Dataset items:
++++++++++

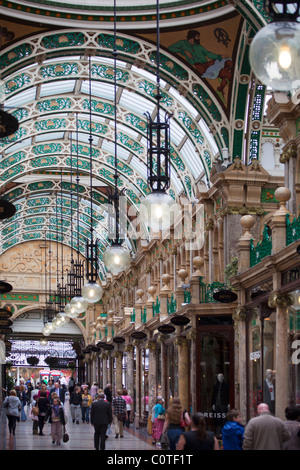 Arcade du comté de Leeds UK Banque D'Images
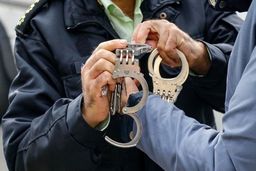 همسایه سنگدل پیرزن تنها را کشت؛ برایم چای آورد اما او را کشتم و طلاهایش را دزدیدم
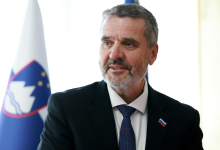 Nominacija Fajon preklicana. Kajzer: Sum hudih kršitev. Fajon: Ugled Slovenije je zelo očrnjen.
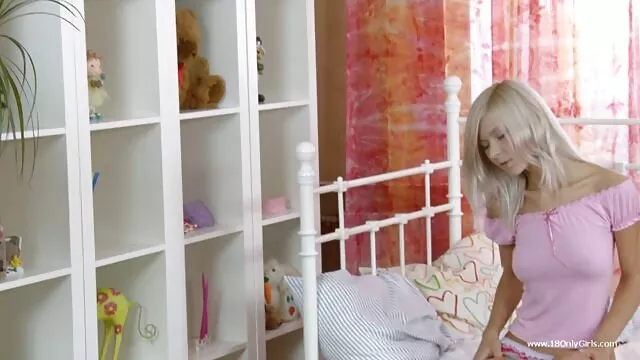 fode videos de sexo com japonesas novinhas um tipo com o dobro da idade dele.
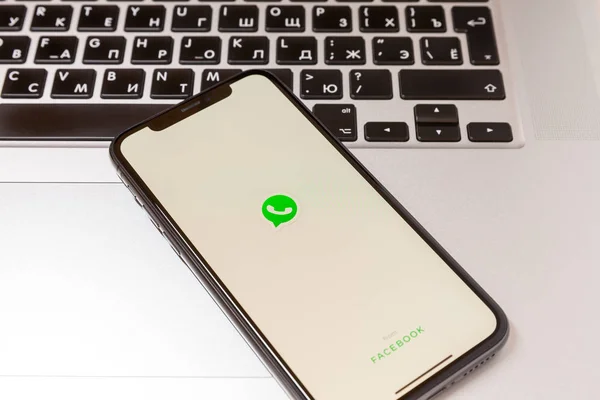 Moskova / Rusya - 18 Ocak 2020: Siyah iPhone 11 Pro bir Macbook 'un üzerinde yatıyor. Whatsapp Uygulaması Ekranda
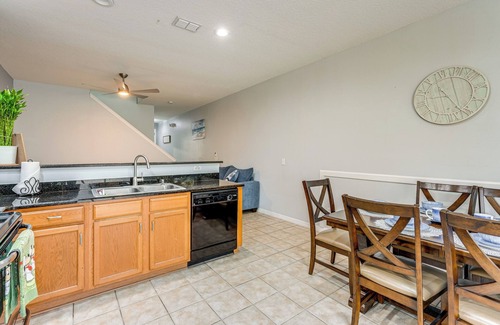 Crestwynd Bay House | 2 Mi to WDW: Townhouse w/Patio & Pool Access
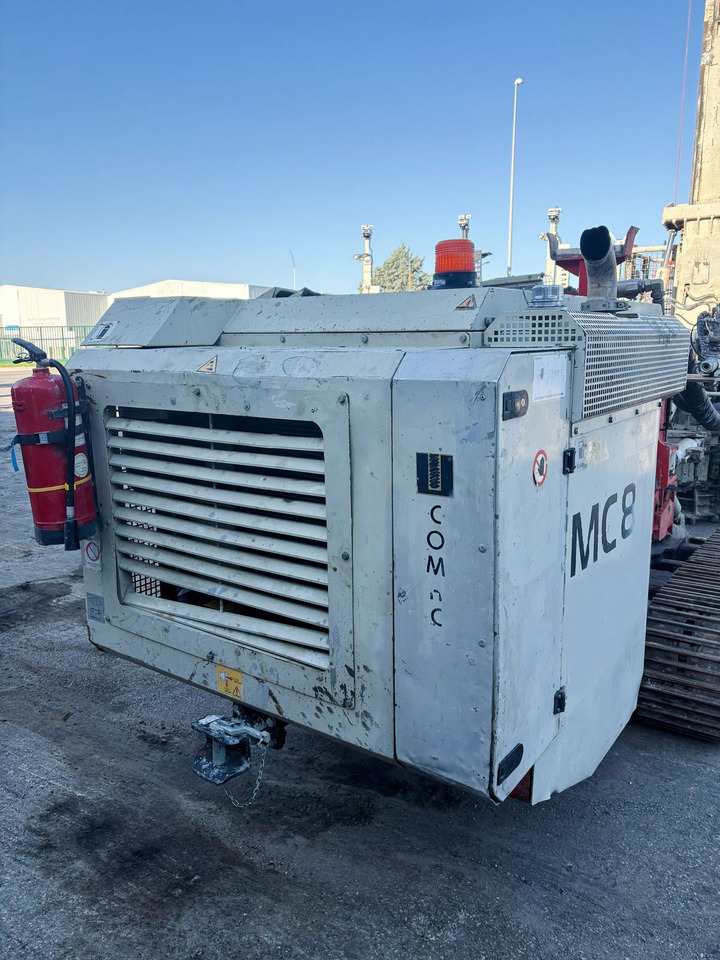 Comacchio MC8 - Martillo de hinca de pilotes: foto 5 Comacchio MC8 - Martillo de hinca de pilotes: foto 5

++++++++++

◆ **What to do**
Transcribe the entries from their first line to the line that holds "fode videos de", both included, and skip every picture.

◆ **Solution for this problem**
 Arcade du comté de Leeds UK Banque D'Images
 همسایه سنگدل پیرزن تنها را کشت؛ برایم چای آورد اما او را کشتم و طلاهایش را دزدیدم
 Nominacija Fajon preklicana. Kajzer: Sum hudih kršitev. Fajon: Ugled Slovenije je zelo očrnjen.
 fode videos de sexo com japonesas novinhas um tipo com o dobro da idade dele.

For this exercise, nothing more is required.